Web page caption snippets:
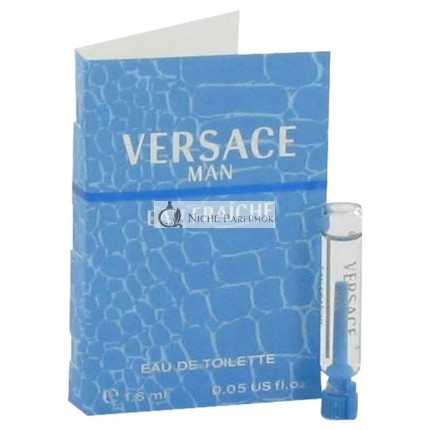 Versace Man von Versace Eau Fraiche Vial Probe, 0,9ml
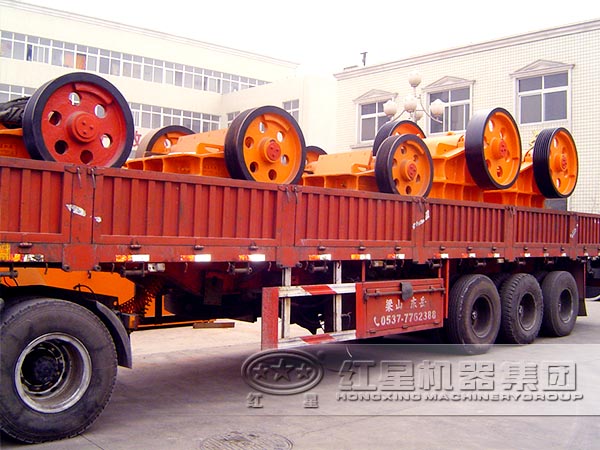 鄭州金屬破碎機(jī)發(fā)貨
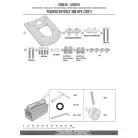 Csomagtartó alap Piaggio Beverly 300-400 HPE (2021-2024) GIVI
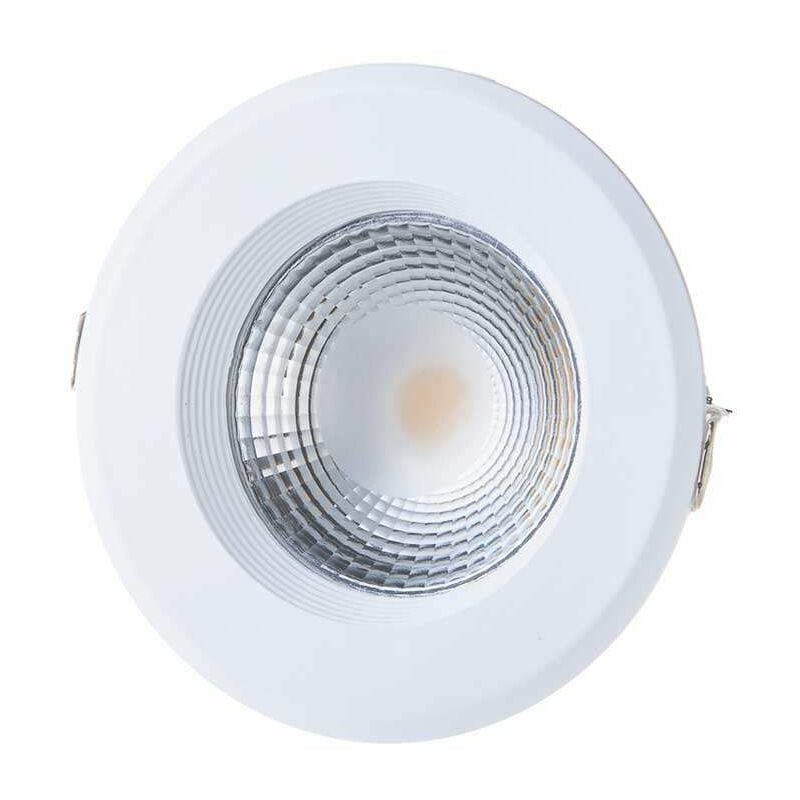 Downlight LED COB Empotrable 10W 120° High Lumen Temperatura de color - 6000k Blanco frío
Downlight LED COB Empotrable 10W 120° High Lumen Temperatura de color - 6000k Blanco frío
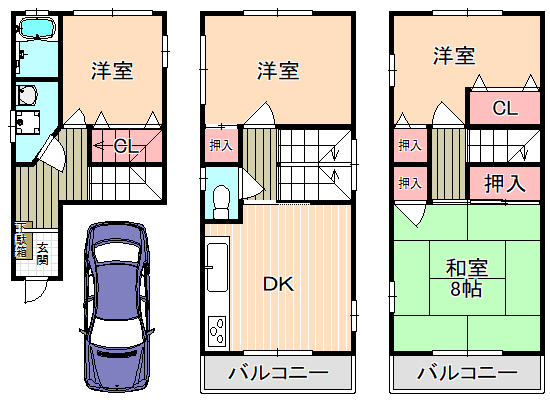 東大阪市中古一戸建て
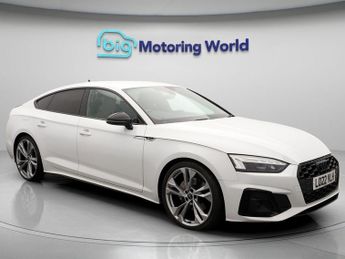Audi A5 SPORTBACK TFSI S LINE BLACK EDITION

### What is being asked
The full data, repeated exactly and stripped of its pictures, is the expected answer.

### Output below
 Versace Man von Versace Eau Fraiche Vial Probe, 0,9ml
 鄭州金屬破碎機(jī)發(fā)貨
 Csomagtartó alap Piaggio Beverly 300-400 HPE (2021-2024) GIVI
 Downlight LED COB Empotrable 10W 120° High Lumen Temperatura de color - 6000k Blanco frío
Downlight LED COB Empotrable 10W 120° High Lumen Temperatura de color - 6000k Blanco frío
 東大阪市中古一戸建て
Audi A5 SPORTBACK TFSI S LINE BLACK EDITION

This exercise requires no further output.